Hosting this prestigious international event has reignited a passion for cycling in Richmond and the surrounding region. With more bikes on the roads in Richmond—and many, many more very soon—I wanted to take a moment to review the basics of bike safety. It can be risky out on the road with cars and trucks whizzing by, so make sure you and your family stay safe with our bike safety tips.
1. Wear a Helmet
I can hear you groaning. We all know that you’re supposed to wear a helmet, but you’d be surprised how many people don’t take this simple and essential safety step. According to the CDC 48% of children ages 5-14 don’t wear a helmet when cycling.

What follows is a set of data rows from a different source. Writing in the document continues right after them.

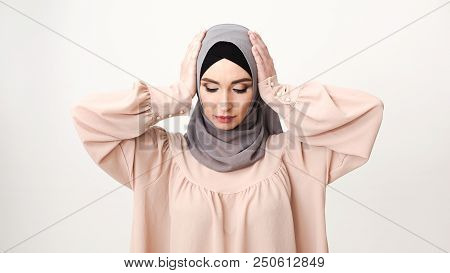 Hear No Evil. Arab Woman In Hijab Covering Ears At White Studio Background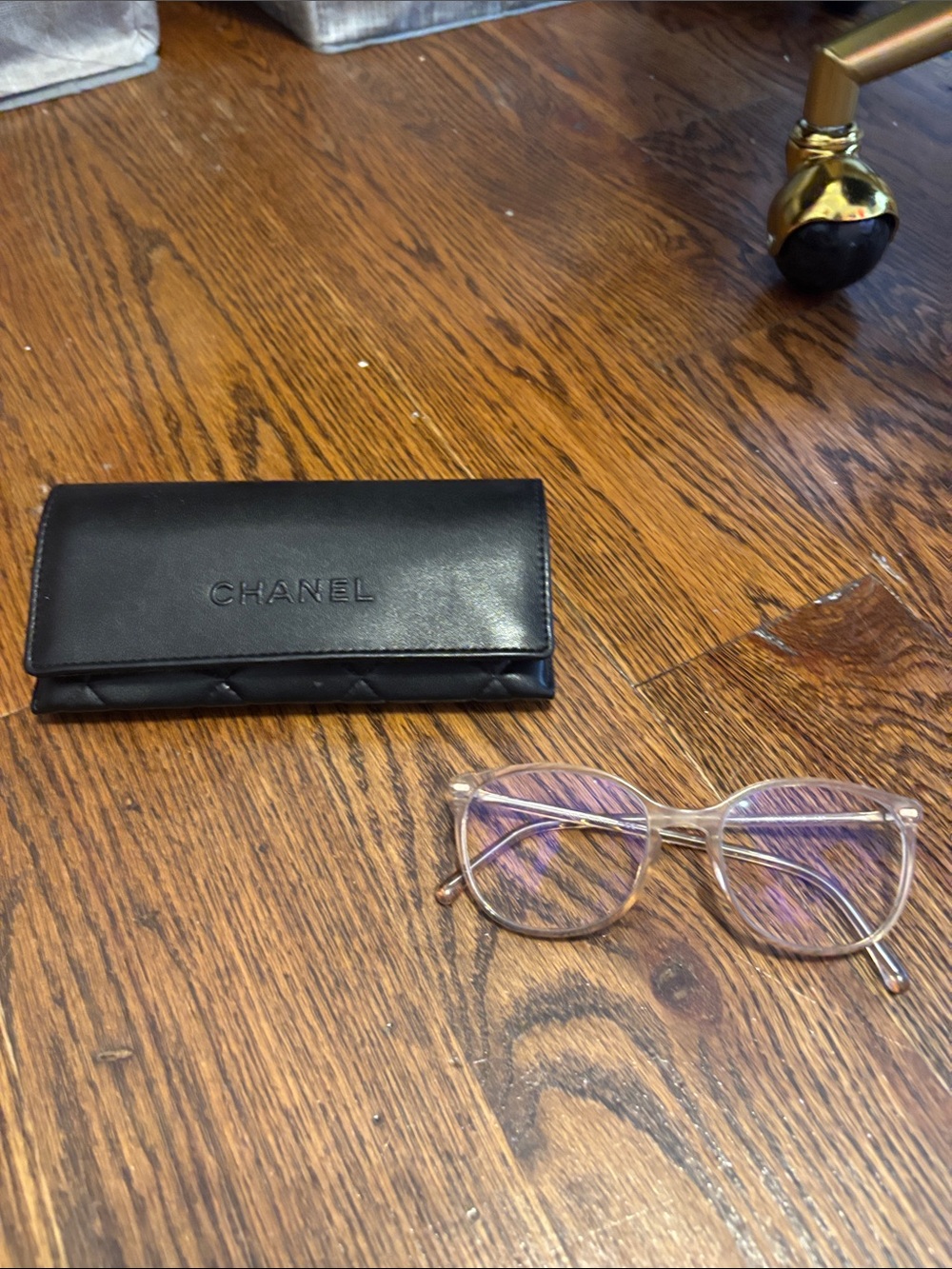 CHANEL Women's Clear Frame Glasses with Subtle Purple Tint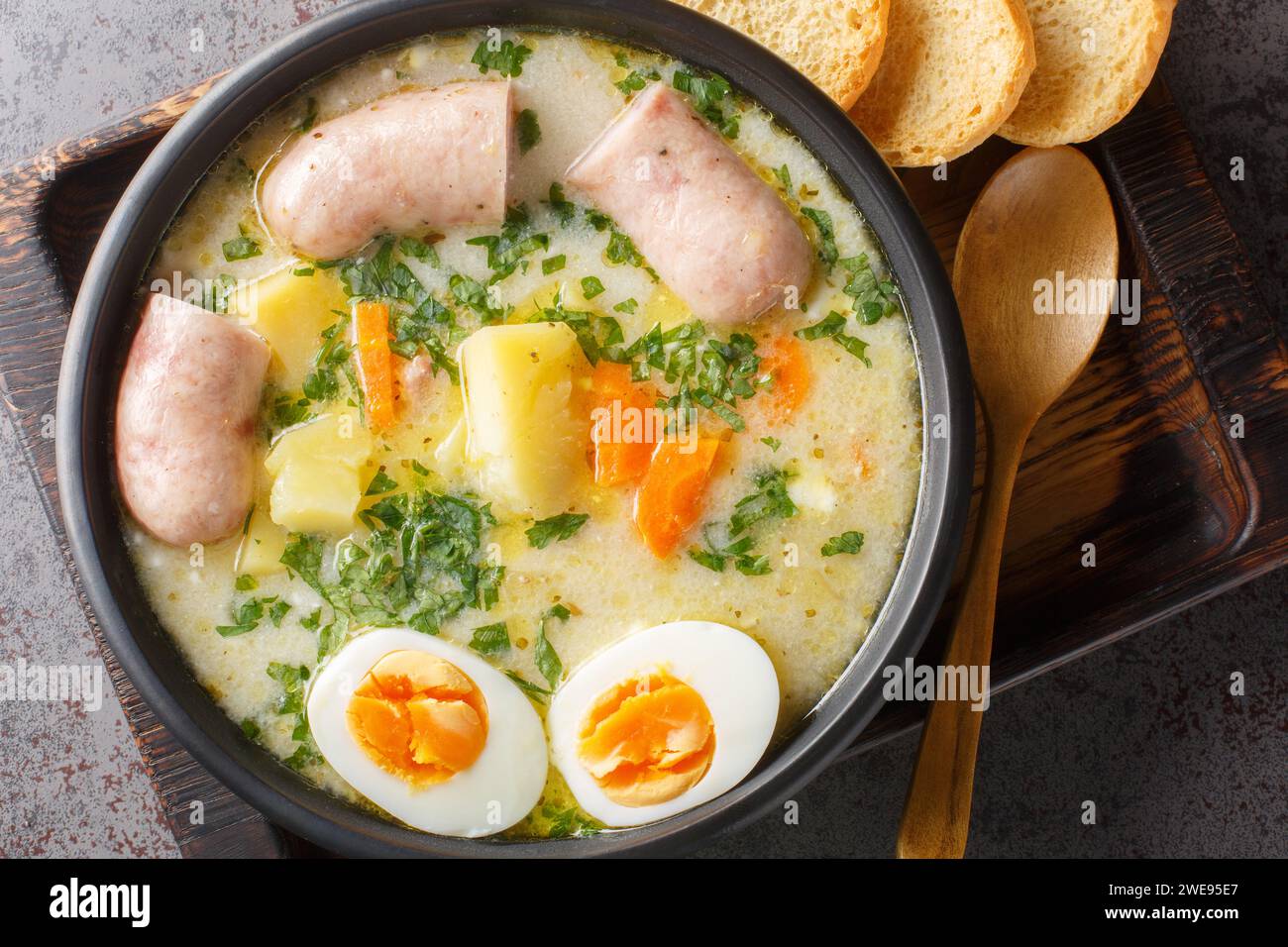 zurek polonais une soupe riche assaisonnée avec une entrée de seigle fermenté, servie avec un œuf bouilli coupé en deux et une saucisse blanche charnue en gros plan dans un bol sur la table. Banque D'Images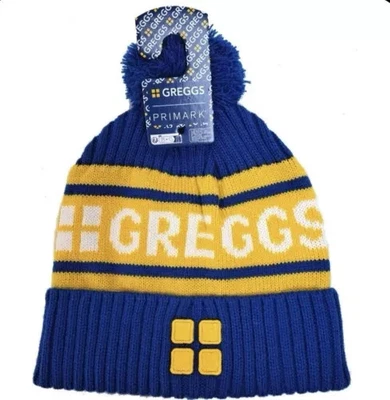 PRIMARK GREGGS BLUE YELLOW BOBBLE HAT KNITTED ONE SIZE UNISEX BRAND NEW LIMITED EDITION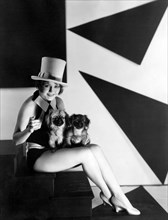 Actress Nancy Carroll, Portrait with Pekingese Puppies, 1929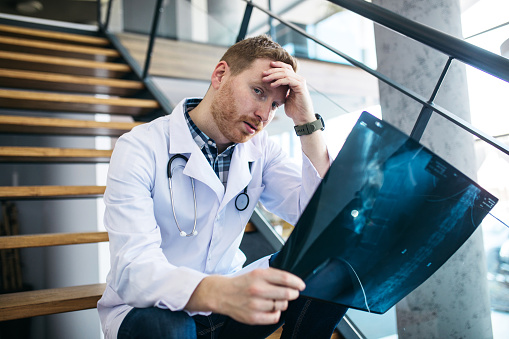 Young exhausted and frustrated doctor sitting depressed in the modern clinic on the stairs.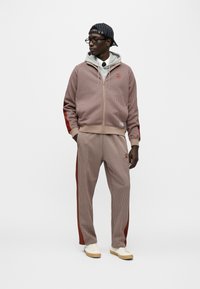 Μπουφάν με φερμουάρ σε σχέδιο houndstooth σε κόκκινο και μπεζ με κουκούλα· αντίστοιχο παντελόνι με κάθετες ρίγες στα πλάγια· φορεμένα με καπέλο με ρίγες και αθλητικά παπούτσια.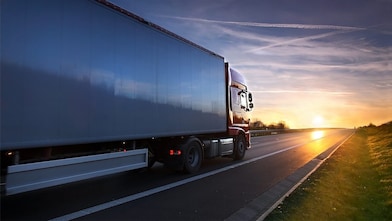 Truck driving into sunset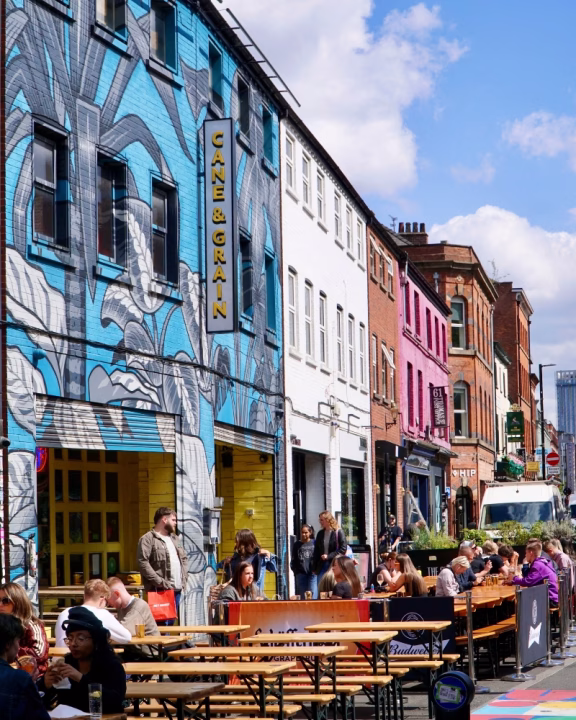 Persone sedute ai tavoli all&rsquo;aperto nel Northern Quarter, quartiere artistico e queer di Manchester, con facciate colorate e murales su edifici storici.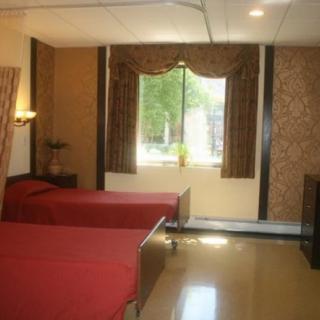 A hospital room with two beds and a window with curtains.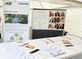 Stand in einem Pavillon mit vielen Flyern und Plakaten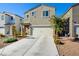 Two-story house with attached garage and landscaped front yard at 5029 Bloodhound St, Las Vegas, NV 89122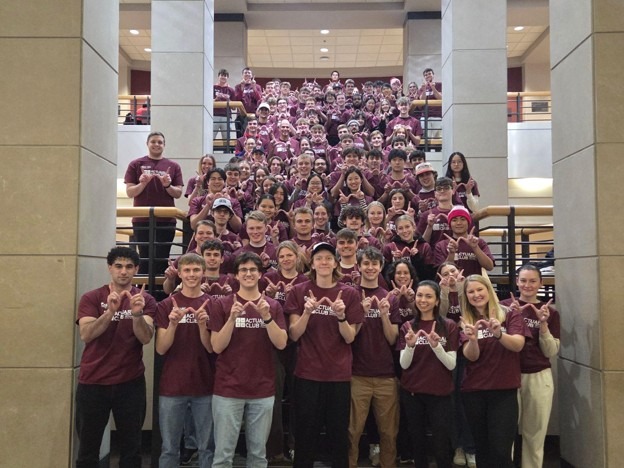 Large group of Actuarial Club students wearing matching club T-shirts pose together on the central staircase inside Grainger Hall.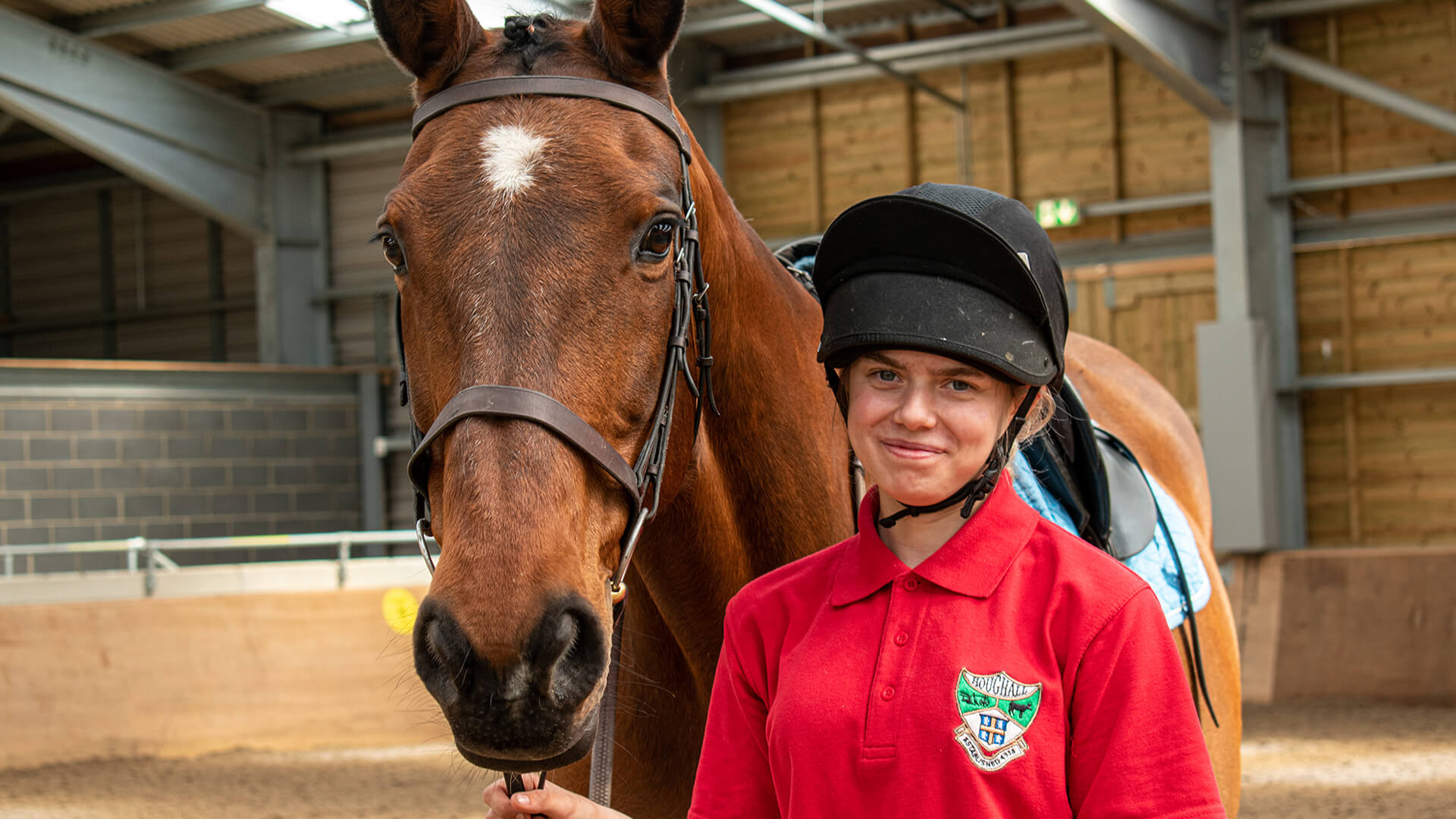 Young woman wearing equine gear whilst standing next to a brown and white horse in East Durham College's Equine centre.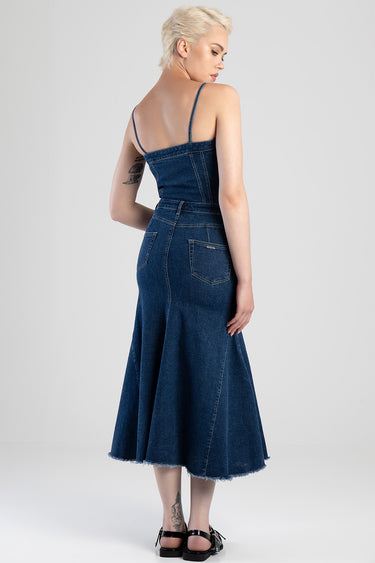 woman in a blue denim midi dress with thin spaghetti straps, fitted bodice, back pockets, and a frayed hem, wearing black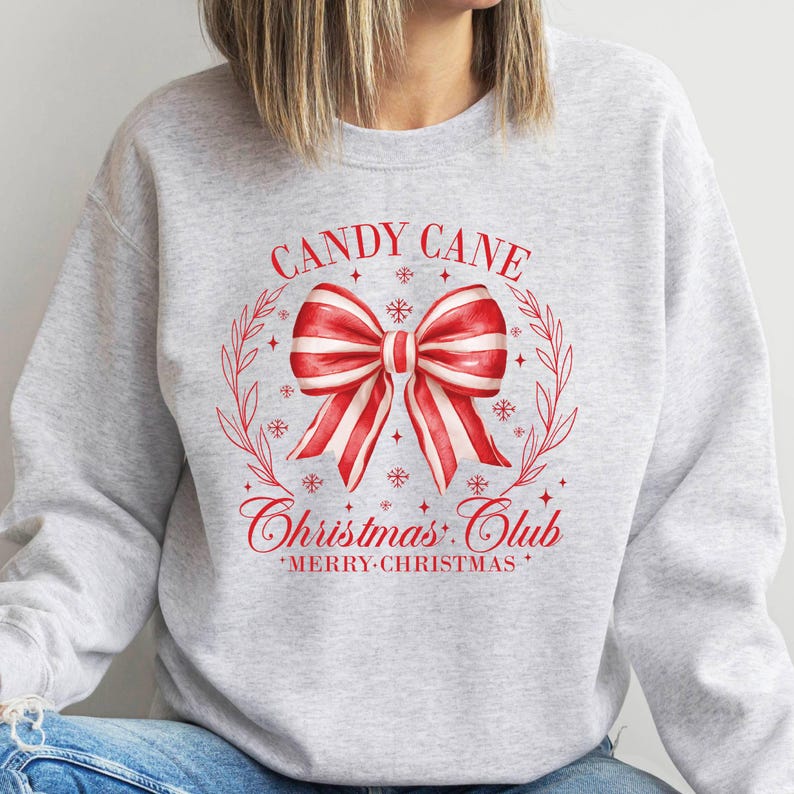 May include: A light grey sweatshirt with a red and white candy cane bow design. The text "CANDY CANE Christmas Club" and "MERRY CHRISTMAS" are printed in red. The design is surrounded by a wreath and snowflakes.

Bike accidents are common, and a helmet is often the only thing protecting the rider from serious brain injury or even death. You (or your kids) may not think it looks cool, but a helmet can save your life.
Check out tips for fitting your helmet correctly.
2. Wear the Right Clothes
It’s important to choose the right clothing when riding. Shirts and pants or shorts should be form fitting and not baggy. There should be no loose straps or attachments that could get caught in the chain, pedals, or wheels and cause you to fall.
Also make sure to choose light and bright colors that make you visible to drivers on the road. Almost a third of all bicycling injuries in the US are the result of cyclists being struck by cars. The easiest way to avoid this is to make sure that cars can see you.
3. Check Your Equipment
Make sure your bike is adjusted correctly and fits you well. Check your tires, gears, and brakes before heading out each time you ride. You don’t want to be in traffic when you realize there is a problem with your bike. By then it may be too late to prevent an accident.
4. Pay Attention
Stay alert and aware of your surroundings when riding. Obey all traffic rules and signals (they apply to cyclists just as much as drivers). Be on the lookout for debris, potholes, or other road hazards that might trip you up. Make eye contact with drivers and use hand signals when you turn or change lanes. Just as it’s important for drivers to be able to see you, you should also make sure that you’re looking ahead and spotting any problems with enough time to avoid them.
Fall is a great time for cycling, even if you’re not an international champion. Get out on the roads with your family and have a great—SAFE—time.